Lexa o mataria dada a oportunidade, sem pensar duas vezes sobre as consequências. Ela o mataria apenas pelo prazer de tirar aquele sorrisinho cretino daquela cara deformada.

Era uma garota alta, esguia e atlética, correr não era problema. Estava acostumada a exaustão física, seus músculos protestando num ardor que se propagava do seu calcanhar até sua coluna, a respiração entrecortada pelas longas distâncias que era obrigada a percorrer, as unhas roxas pelos tênis inapropriados para aquela atividade, o frio que era submetida quando era forçada a correr numa temperatura de -2 ºC... Estava acostumada e não se importava. Reclamar, de qualquer forma, apenas a levaria para mais duas horas de punição.

Os cabelos, castanhos claros, balançavam ritmicamente enquanto um rabo de cavalo os prendiam no lugar. Era a primeira da sua fileira, o grupo das demais garotas não era sequer visto pela sua visão periférica. Compadecia-se delas, principalmente de Luna e Emori, que tinham comprovados problemas respiratórios, mas dó ali também é um item em falta.

- 013! – Cage gritou quando a morena estava quase concluindo seu percurso – Já que está tão adiantada, porque não dá outra volta? – completou sadicamente e novamente sorriu, estudando-a com aqueles olhos perversos.

Todo seu corpo implorava por um descanso.

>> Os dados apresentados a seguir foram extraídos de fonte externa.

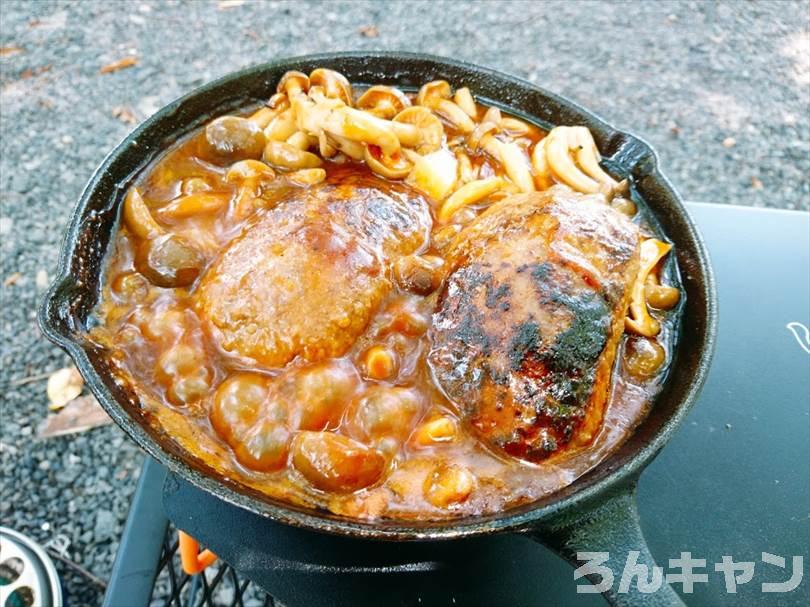 【簡単】キャンプで煮込みハンバーグ｜市販のソースを使えば楽チンで美味しい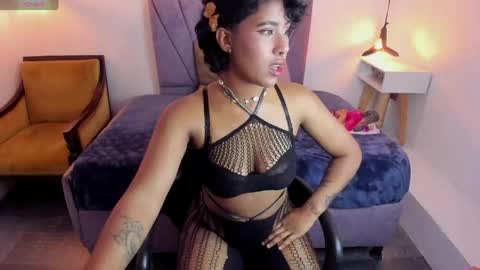 Snapshot of naomy__smith__ chatting on 04.23.26 N A O M Y online show from 04.23.26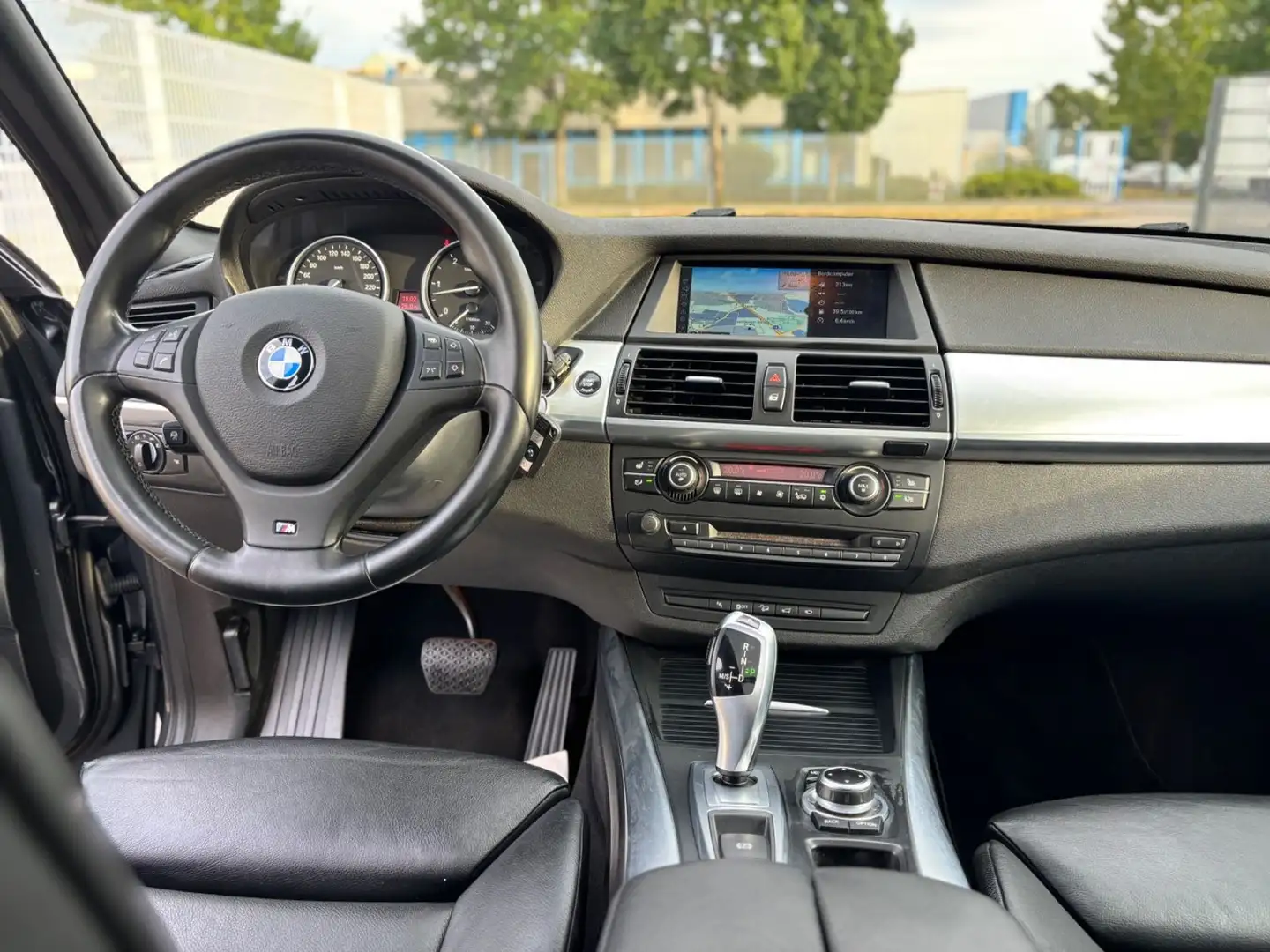 BMW X5 xDrive40d Edition Sport Panorama/AHK-3500! Gris - 2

Podia sentir o sangue quente na planta dos seus pés, os calos que se formavam repetidas vezes durante uma mesma corrida, a desidratação que fazia sua visão turva... Ignorou cada uma dessas sensações e correu, levando nas costas a responsabilidade de que, se parasse, todas teriam que recomeçar.

**

LEXA

- Eu tenho um irmão e ele com certeza mataria Cage para mim – Octavia sentou-se ao meu lado no refeitório e, como usual, falava de boca cheia.

Dado o lugar onde estávamos eu tinha sérias reservas sobre não acreditar que aquilo pudesse ser verdade, afinal, todas estávamos ali por um motivo.

- Isso seria um sonho – Emori concordou, mas em seguida ponderou - Mas é melhor não, porque ninguém mais te visitaria se ele fosse pego – concluiu e Octavia pareceu concordar com essa lógica.

Luna sentava-se ao lado de Emori, defronte a mim, mas não tocava na comida. Tinha os olhos turquesa perdidos noutra dimensão, mas era sua beleza que me capturava a atenção. Luna era do tipo filosófica, de grandes dilemas pessoais e intelectuais, com ideologias políticas implacáveis... O tipo de hippie-política, com o bônus de ter a beleza de uma princesa exótica.